2. Key Characteristics
| Feature |
Description |
| Distribution |
Data stored at multiple sites geographically separated. |
| Autonomy |
Each site can operate independently but coordinate with others. |
| Transparency |
Users see a unified database, hiding distribution details. |
| Replication |
Copies of data stored at multiple sites for reliability and performance. |
| Concurrency Control |
Ensures consistency when multiple sites access data simultaneously. |
3. Types of Distributed Databases
| Type |
Description |
| Homogeneous DDS |
All sites use the same DBMS software and schema. |
| Heterogeneous DDS |
Different sites may use different DBMS products and schemas; requires complex integration. |
4. Data Distribution Strategies
| Strategy |
Description |
| Fragmentation |
Dividing tables into smaller fragments to store across sites. |
| - Horizontal |
Rows of a table are distributed (e.g., by region). |
| - Vertical |
Columns of a table are distributed (e.g., sensitive columns separate). |
| Replication |
Copying entire tables or fragments at multiple sites. |
5. Advantages of Distributed Databases
- Improved reliability and availability (due to replication).
- Faster access to data by locating it closer to users.
- Scalability by adding more sites.
- Local autonomy while maintaining a global database.
- Parallel query processing can improve performance.
6. Challenges in Distributed Databases
| Challenge |
Explanation |
| Data Integrity |
Maintaining consistency across distributed copies. |
| Distributed Transactions |
Coordinating transactions spanning multiple sites. |
| Concurrency Control |
Handling concurrent access and locking across sites. |
| Query Processing |
Optimizing queries over distributed data. |
| Network Issues |
Handling latency, failures, and communication delays. |
| Security |
Securing data across multiple sites and networks. |
7. Distributed Transaction Management
- Ensures ACID properties across multiple sites.
- Uses protocols like Two-Phase Commit (2PC) for atomic commits.
- Coordination between sites to commit or rollback changes consistently.
8. Query Processing in DDS
- Query decomposition into subqueries executed at local sites.
- Data localization: minimizing data transfer over the network.

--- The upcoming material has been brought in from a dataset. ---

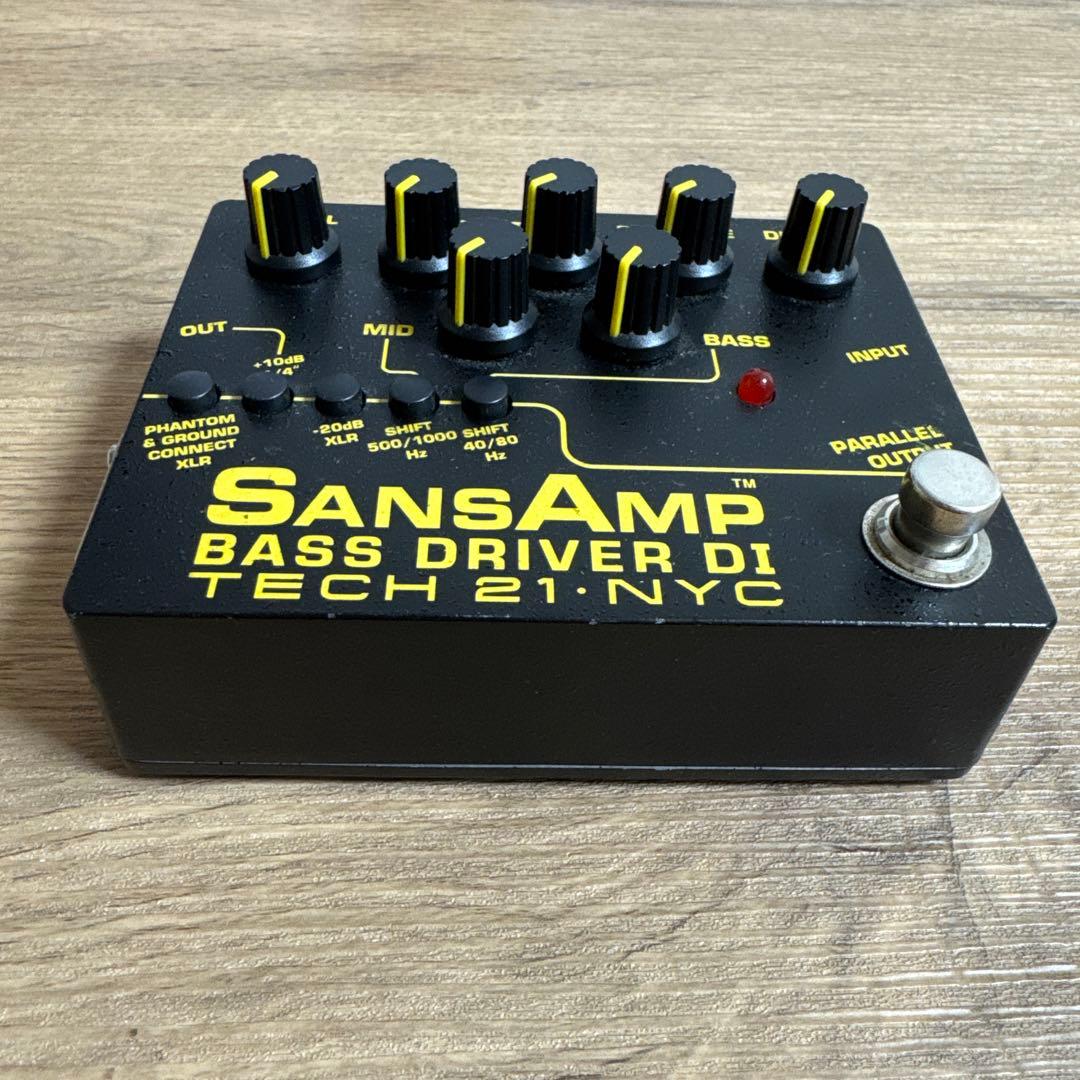 ベース TECH21 SANSAMP BASS D DI V2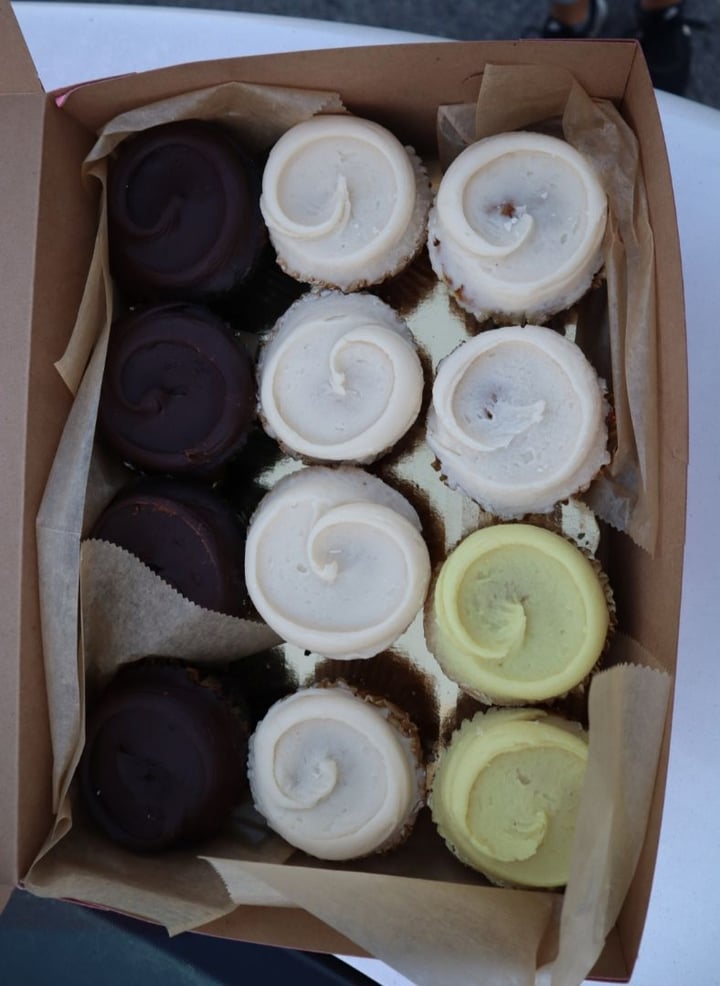 photo of Pattycake Bakery Vanilla Cupcake shared by @lizmaselli on  05 Nov 2019 - review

- Query optimization considers site capabilities and network cost.
9. Example Scenario
Imagine a retail company with databases at different branches worldwide:
- Each branch stores local sales data (horizontal fragmentation).
- A central site may hold replicated summary data.
- Users can query the distributed system seamlessly.
10. Summary Table
| Aspect |
Description |
| Distributed Database |
Database spread across multiple sites |
| Homogeneous vs Heterogeneous |
Same or different DBMS at sites |
| Fragmentation |
Dividing data horizontally or vertically |
| Replication |
Storing copies of data for fault tolerance |
| Distributed Transactions |
Maintaining ACID across sites |
| Query Processing |
Decomposing and optimizing distributed queries |
| Challenges |
Integrity, concurrency, network, security |
Why Distributed Databases?
- Support global applications requiring data sharing.
- Enhance fault tolerance and disaster recovery.
- Allow local control while enabling a global view.